> **INPUT MATERIAL**:
▼

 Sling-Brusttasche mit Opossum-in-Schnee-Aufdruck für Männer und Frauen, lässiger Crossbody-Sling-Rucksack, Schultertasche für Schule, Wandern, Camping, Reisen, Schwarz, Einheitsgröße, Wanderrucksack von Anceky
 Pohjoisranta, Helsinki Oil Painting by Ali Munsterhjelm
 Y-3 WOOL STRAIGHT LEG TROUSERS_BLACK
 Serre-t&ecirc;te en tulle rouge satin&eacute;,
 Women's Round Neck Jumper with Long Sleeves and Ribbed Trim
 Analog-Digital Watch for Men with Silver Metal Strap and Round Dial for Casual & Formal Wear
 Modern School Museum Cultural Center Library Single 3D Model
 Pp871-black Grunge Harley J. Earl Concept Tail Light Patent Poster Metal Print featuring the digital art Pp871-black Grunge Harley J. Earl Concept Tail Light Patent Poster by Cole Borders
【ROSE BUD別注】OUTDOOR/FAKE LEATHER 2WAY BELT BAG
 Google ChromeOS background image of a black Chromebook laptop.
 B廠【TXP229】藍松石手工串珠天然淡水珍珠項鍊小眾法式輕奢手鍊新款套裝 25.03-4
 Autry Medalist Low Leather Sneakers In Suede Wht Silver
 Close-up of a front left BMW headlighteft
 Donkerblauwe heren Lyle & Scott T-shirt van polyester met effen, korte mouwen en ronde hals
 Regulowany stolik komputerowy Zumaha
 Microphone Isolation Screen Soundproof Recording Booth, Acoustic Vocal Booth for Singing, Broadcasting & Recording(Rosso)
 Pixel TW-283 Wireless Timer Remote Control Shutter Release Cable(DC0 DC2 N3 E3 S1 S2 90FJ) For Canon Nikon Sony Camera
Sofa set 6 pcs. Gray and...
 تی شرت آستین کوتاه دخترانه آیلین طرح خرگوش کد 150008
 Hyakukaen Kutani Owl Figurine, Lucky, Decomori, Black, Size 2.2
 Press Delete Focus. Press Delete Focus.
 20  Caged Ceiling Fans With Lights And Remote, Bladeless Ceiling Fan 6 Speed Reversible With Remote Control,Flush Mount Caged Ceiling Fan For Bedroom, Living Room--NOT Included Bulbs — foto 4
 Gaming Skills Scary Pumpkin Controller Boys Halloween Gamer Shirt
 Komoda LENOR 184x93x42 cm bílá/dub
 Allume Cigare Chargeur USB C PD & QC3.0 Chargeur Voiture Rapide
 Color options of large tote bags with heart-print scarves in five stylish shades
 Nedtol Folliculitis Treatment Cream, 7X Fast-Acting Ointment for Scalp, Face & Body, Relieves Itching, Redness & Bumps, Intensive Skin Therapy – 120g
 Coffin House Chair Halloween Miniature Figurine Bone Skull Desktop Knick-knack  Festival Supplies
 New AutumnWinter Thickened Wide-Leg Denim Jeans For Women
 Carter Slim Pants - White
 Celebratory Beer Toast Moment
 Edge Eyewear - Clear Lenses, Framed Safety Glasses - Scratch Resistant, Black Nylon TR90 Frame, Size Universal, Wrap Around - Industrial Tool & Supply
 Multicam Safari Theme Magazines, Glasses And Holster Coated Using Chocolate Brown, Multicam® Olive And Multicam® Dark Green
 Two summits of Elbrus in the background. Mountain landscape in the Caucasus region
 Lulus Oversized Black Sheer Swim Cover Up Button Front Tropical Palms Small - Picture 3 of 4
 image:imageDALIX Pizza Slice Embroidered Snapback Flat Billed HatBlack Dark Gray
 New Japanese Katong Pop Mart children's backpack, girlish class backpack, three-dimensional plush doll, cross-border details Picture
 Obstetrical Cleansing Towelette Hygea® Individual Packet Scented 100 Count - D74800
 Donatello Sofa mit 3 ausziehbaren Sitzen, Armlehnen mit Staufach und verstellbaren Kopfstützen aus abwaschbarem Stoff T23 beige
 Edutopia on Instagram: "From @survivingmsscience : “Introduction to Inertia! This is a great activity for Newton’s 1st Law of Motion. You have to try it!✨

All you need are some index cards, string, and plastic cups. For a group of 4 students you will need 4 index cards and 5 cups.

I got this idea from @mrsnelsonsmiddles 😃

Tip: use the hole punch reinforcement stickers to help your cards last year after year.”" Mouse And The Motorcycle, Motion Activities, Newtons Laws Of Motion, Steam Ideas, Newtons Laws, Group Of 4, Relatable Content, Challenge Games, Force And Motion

▲

> **TASK REQUIREMENTS**:
Send back exactly the lines of the listing above starting at the one with "Lulus Oversized Black" and ending at the one with "I got this idea from @mrsnelsonsmiddles 😃", inclusive, and no others.

> **RESULT OF THIS TASK**:
 Lulus Oversized Black Sheer Swim Cover Up Button Front Tropical Palms Small - Picture 3 of 4
 image:imageDALIX Pizza Slice Embroidered Snapback Flat Billed HatBlack Dark Gray
 New Japanese Katong Pop Mart children's backpack, girlish class backpack, three-dimensional plush doll, cross-border details Picture
 Obstetrical Cleansing Towelette Hygea® Individual Packet Scented 100 Count - D74800
 Donatello Sofa mit 3 ausziehbaren Sitzen, Armlehnen mit Staufach und verstellbaren Kopfstützen aus abwaschbarem Stoff T23 beige
 Edutopia on Instagram: "From @survivingmsscience : “Introduction to Inertia! This is a great activity for Newton’s 1st Law of Motion. You have to try it!✨

All you need are some index cards, string, and plastic cups. For a group of 4 students you will need 4 index cards and 5 cups.

I got this idea from @mrsnelsonsmiddles 😃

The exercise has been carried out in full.